The more interesting question may be how localities interpret and implement a VMT approach. You can see this working way better at the plan level than the project level – where you can rejigger the land uses (and maybe create more mixed-use) to drop VMT below a level of significance. But how do you do that at the project level? You run the risk of re-fighting the plan's land uses, something the courts have taken pains to discourage. 

More likely, a VMT standard will morph at the local level into something that kind of looks like a multi-modal LOS. In essence, cities will conclude that VMT for a particular project is high because everybody is forced to drive. Unable to solve the congestion problem either, they will seek to reduce both VMT and congestion by getting developers to build or pay for other transportation improvements, especially transit and the pedestrian connections required to connect the project to the transit lines.

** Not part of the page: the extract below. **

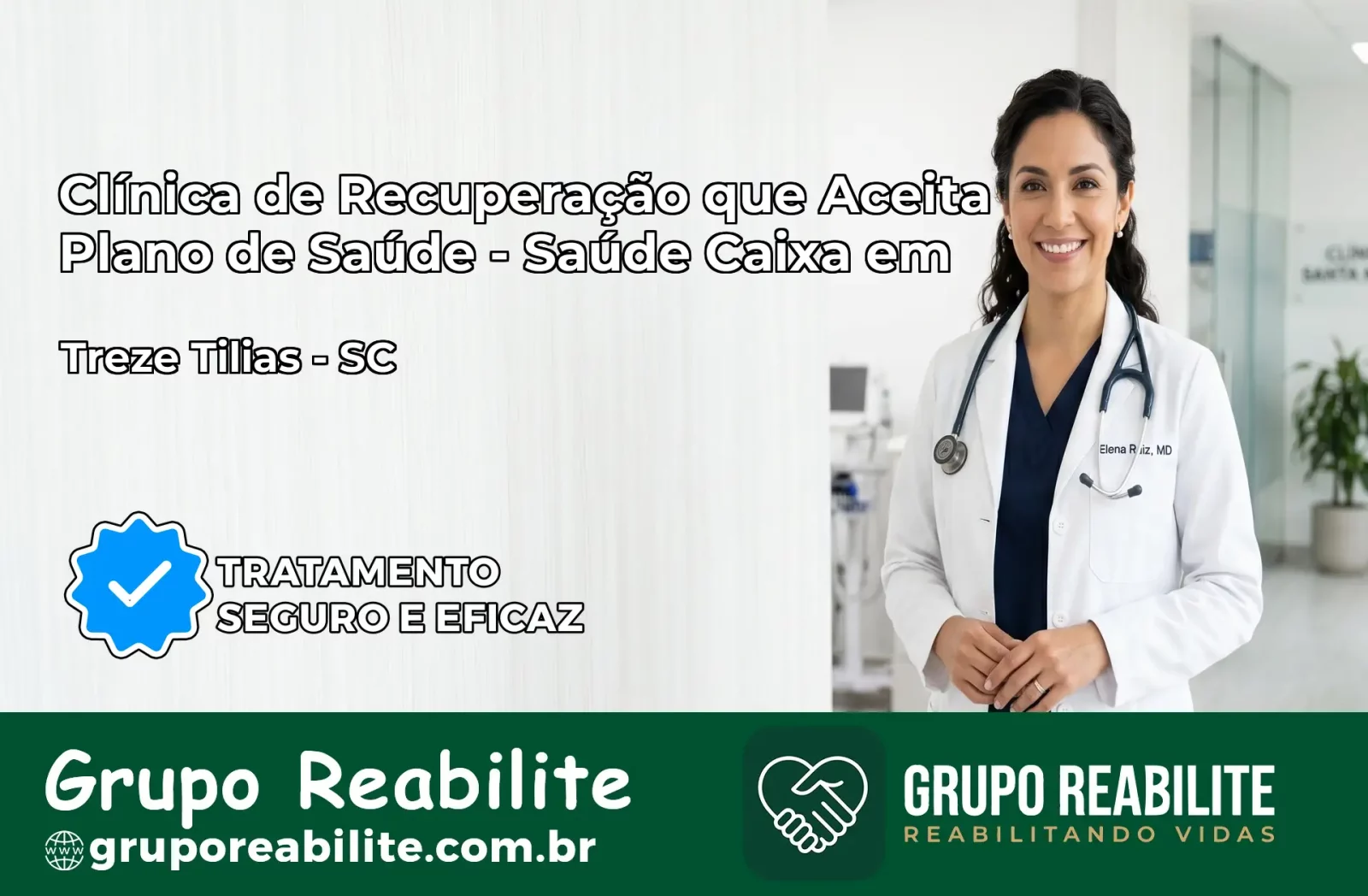 Clínica de Recuperação Saúde Caixa em Treze Tílias – SC | Cobertura 100%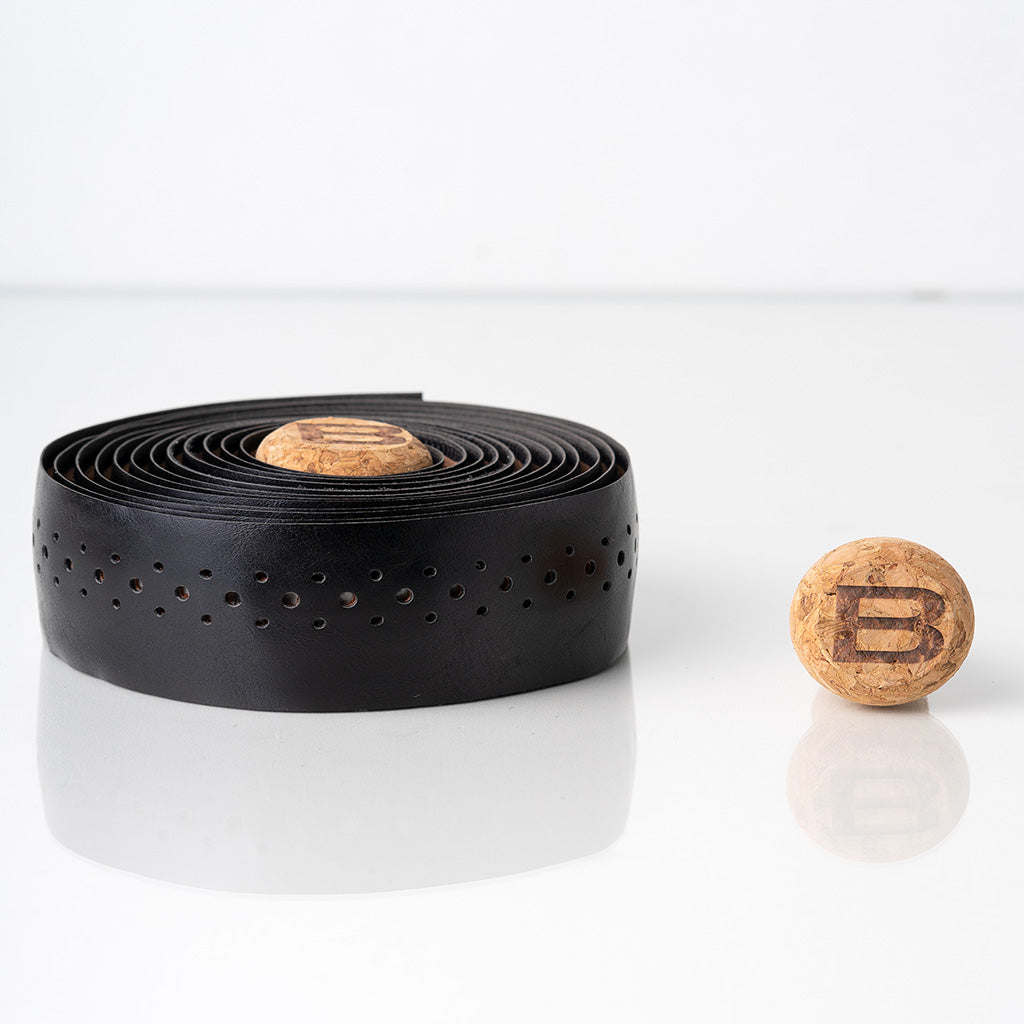 BTP Faux Leather Bartape-Black (Oil Wax)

This won't work everywhere; as SPUR pointed out in the article linked to above, smaller cities and rural areas may still use the LOS standard. And it won't be easy, because a significant increase in transit capacity requires huge capital investments far behind the ability of individual developers to pay and it may require them to commit to long-term operation subsidies, which are hard to enforce. 

But with VMT becoming the preferred approach to assessing transportation effects of new projects, we may see transportation planning become more flexible, and more genuinely linked to environmental protection, as it moves away from the special constraints of the CEQA process.